Gli analisti, al momento della quotazione, assegnavano un valore al Cavallino tra i 5 e gli 8 miliardi di euro, mentre oggi Ferrari capitalizza oltre 22 miliardi di euro e continua a macinare utili.
Non è un caso che l’ultima operazione straordinaria annunciata da Marchionne, che fa parte del piano 2018-2022, sia un altro scorporo, quello di Magneti Marelli, previsto entro l’inizio del 2019.
L’era Marchionne ha inoltre segnato profondamente le relazioni industriali in Italia. Capace di portare avanti scelte impopolari, il manager ha aperto uno scontro frontale con la Fiom, negli stabilimenti e nelle aule dei tribunali, sul nodo della governabilità delle fabbriche contro assenteismo e microconflittualità diffuse.
Voleva applicare il sistema di organizzazione del lavoro americano e chiede ai sindacati di abolire gli accordi integrativi e adottare un nuovo contratto specifico. Vengono indetti referendum a Pomigliano e Mirafiori, i lavoratori approvano la linea Marchionne. Un altro fronte, Marchionne lo apre con Confindustria annunciando a fine 2011 l’uscita dall’associazione.
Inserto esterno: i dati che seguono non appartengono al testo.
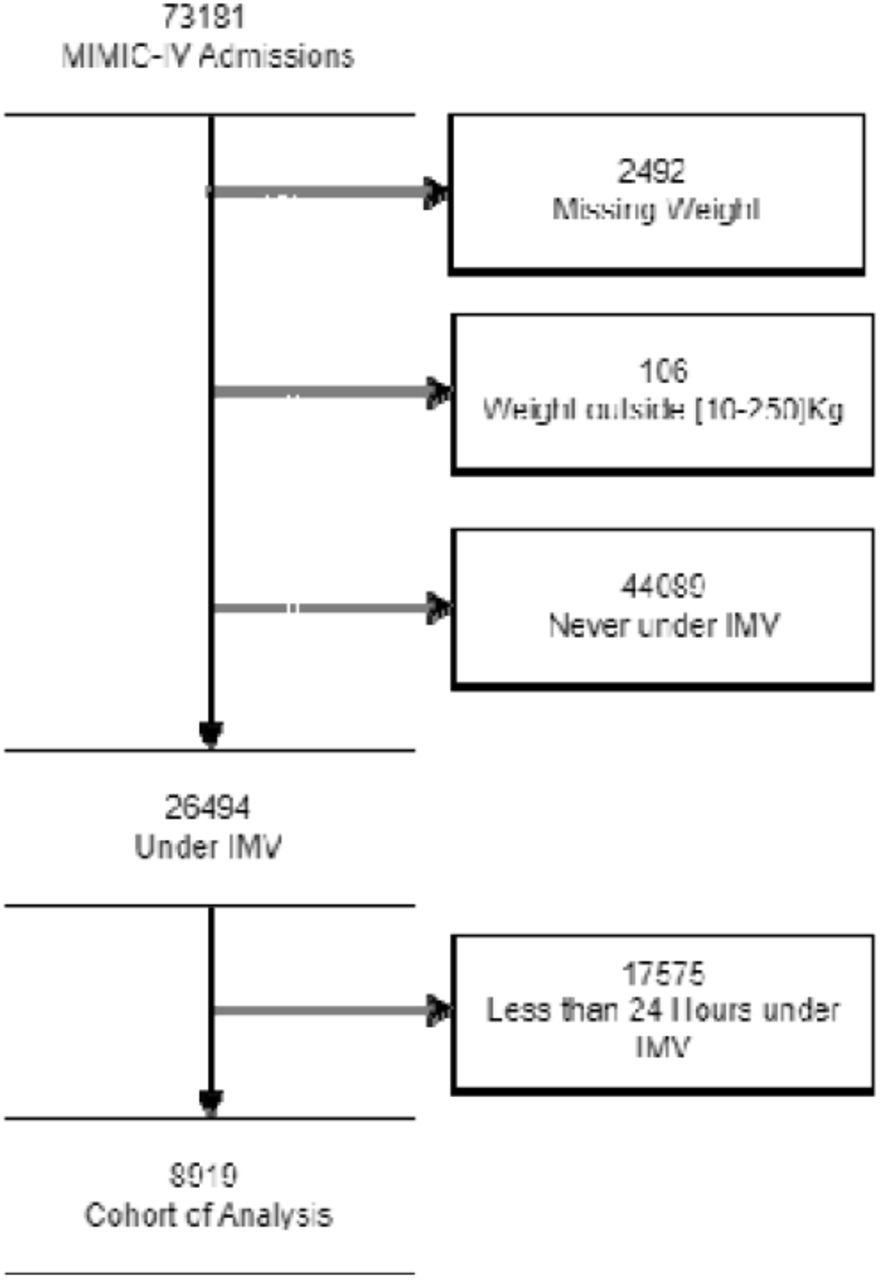 Flow Diagram
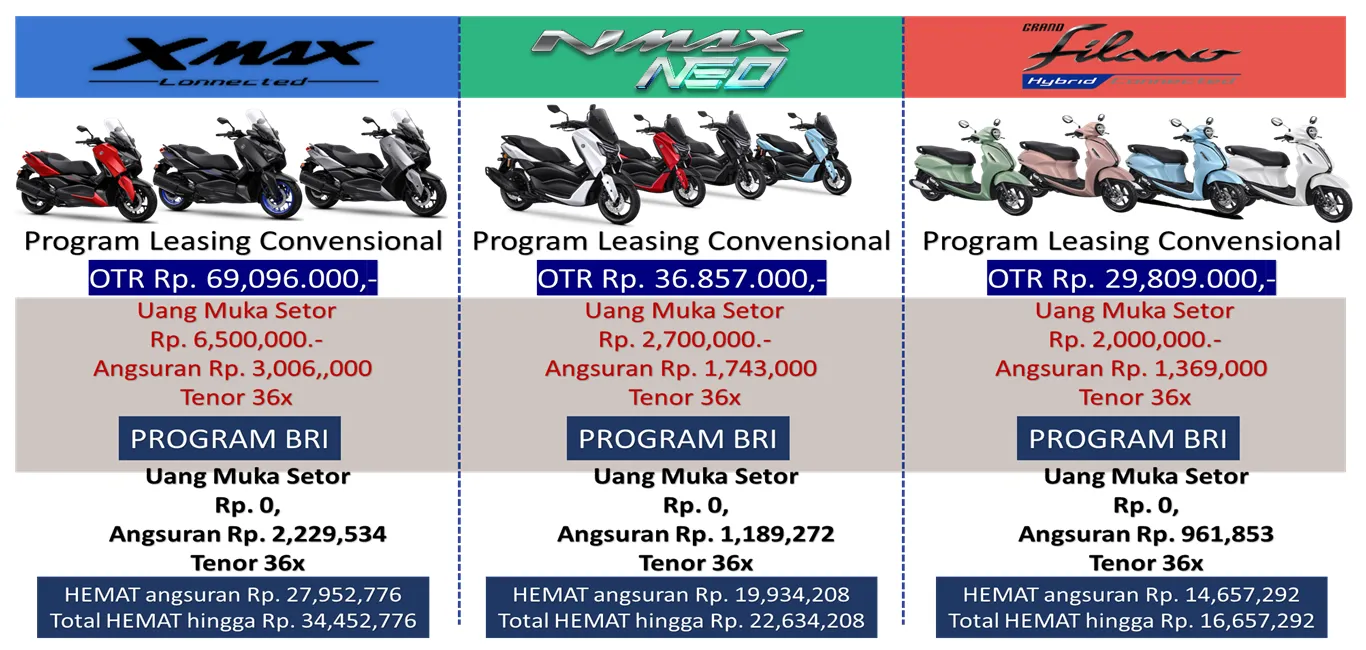 Dapatkan Motor Yamaha Tanpa DP, Dengan Cicilan Murah #Hanya di BRI#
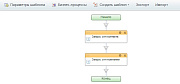 Запрос CRM контакта и компании (активити) -  
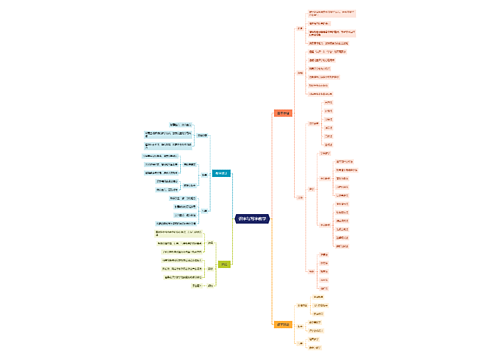 识字与写字教学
Una decisione clamorosa perchè all’inizio del ‘900 la Fiat era stata uno dei suoi soci fondatori.
Lo scontro con il sindacato viene accentuato dal piano Fabbrica Italia, che non dà il successo sperato. Doveva portare a produrre 1,4 milioni di vetture nel 2014, un target lontano anni luce per l’Italia.
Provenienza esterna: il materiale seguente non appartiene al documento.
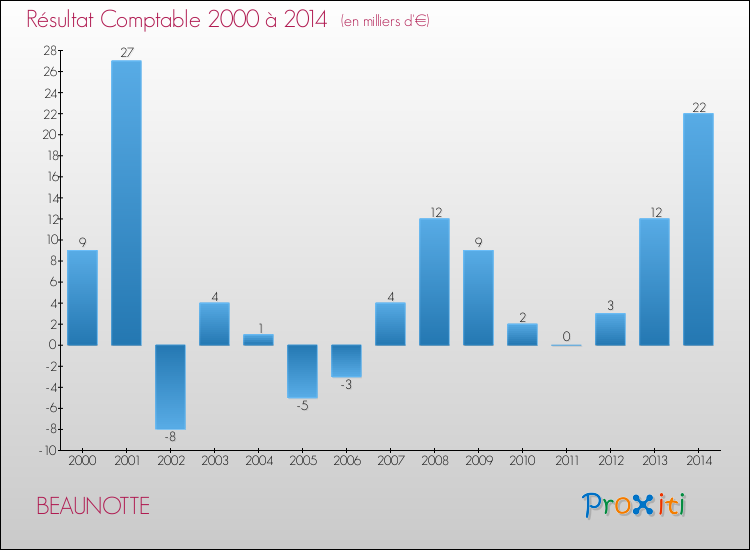 Evolution du résultat comptable pour la commune de BEAUNOTTE de 2000 à 2014 Evolution du résultat comptable pour BEAUNOTTE de 2000 à 2014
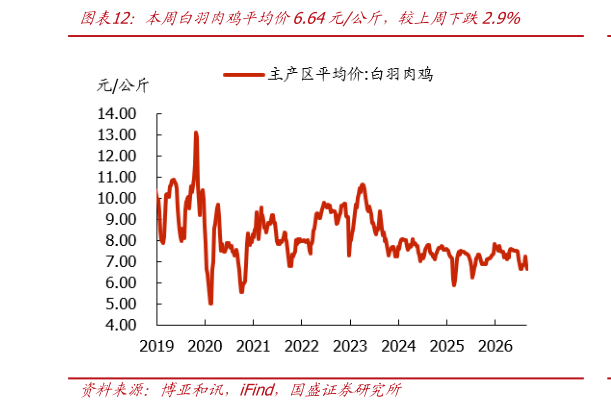 各位网友请教一下本周白羽肉鸡平均价6.64元公斤，较上周下跌2.9%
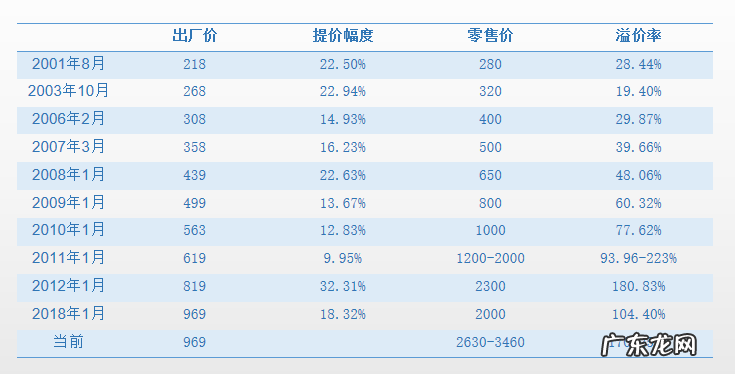 贵州茅台的长短投资逻辑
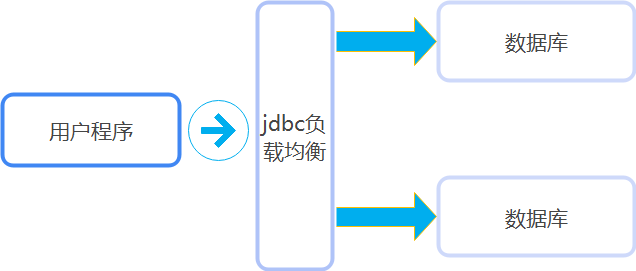 使用JDBC进行openGauss的读写分离及负载均衡-鸿蒙开发者社区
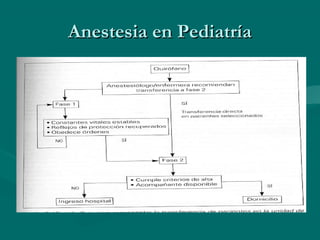 Anestesia en PediatríaAnestesia en Pediatría
 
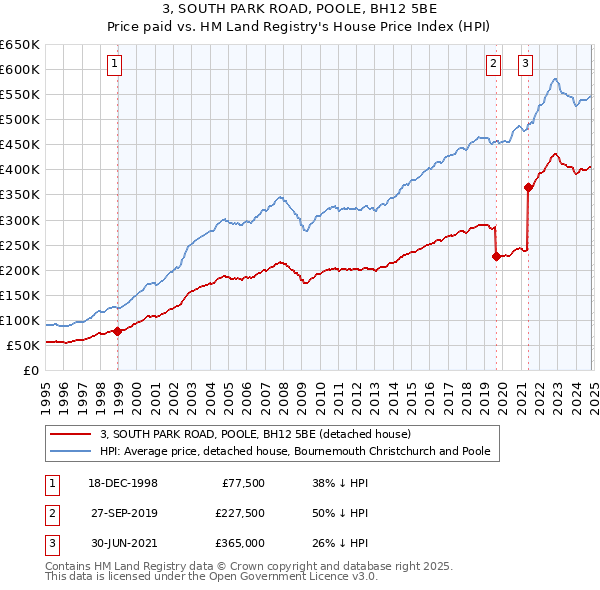 3, SOUTH PARK ROAD, POOLE, BH12 5BE: Price paid vs HM Land Registry's House Price Index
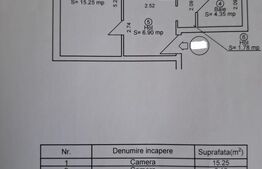 Apartament cu 2 camere, decomandat, 45 mp - Zona Rahovei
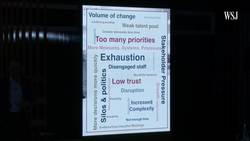 Transformation Is Personal Instructional Video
Nel 2014 il manager presenta un nuovo piano, più vago sui target, centrato sulla produzione dei modelli premium, che hanno un maggiore margine di guadagno. Porta la Jeep a Melfi, rilancia l’Alfa Romeo.
In 14 anni Sergio Marchionne ha staccato poche cedole, ma chi ha creduto in lui, investendo in Borsa sul titolo, può ben dirsi soddisfatto.
Chi avesse investito 1.000 euro su Fiat all’inizio del 2011, con le azioni a 7,02 euro dopo lo spin-off con Fiat Industrial – ora Cnh Industrial -, adesso, con le azioni a 16,42 euro, avrebbe 2.300 euro in tasca.
Prese il timone di una Fiat con ricavi pari a 47 miliardi di euro, un indebitamento di 500 milioni. L’ultimo bilancio, quello 2017, vede ricavi per 110,9 miliardi di euro, profitti per 3,51 miliardi e un indebitamento netto che a metà 2018 è azzerato.
I numeri sono dalla sua parte. “Il mio successore sarà interno. Oggi era qui” ha detto in occasione della presentazione del piano 2018-2022. Tocca a Mike Manley, numero uno di Jeep. La successione avviene in modo brusco, traumatico, improvviso, ma Marchionne lascia una Fiat in carreggiata.
Non sarà una passeggiata e non sarà scontato che Fca, senza Marchionne, continuerà a mantenere il suo legame con l’Italia come oggi.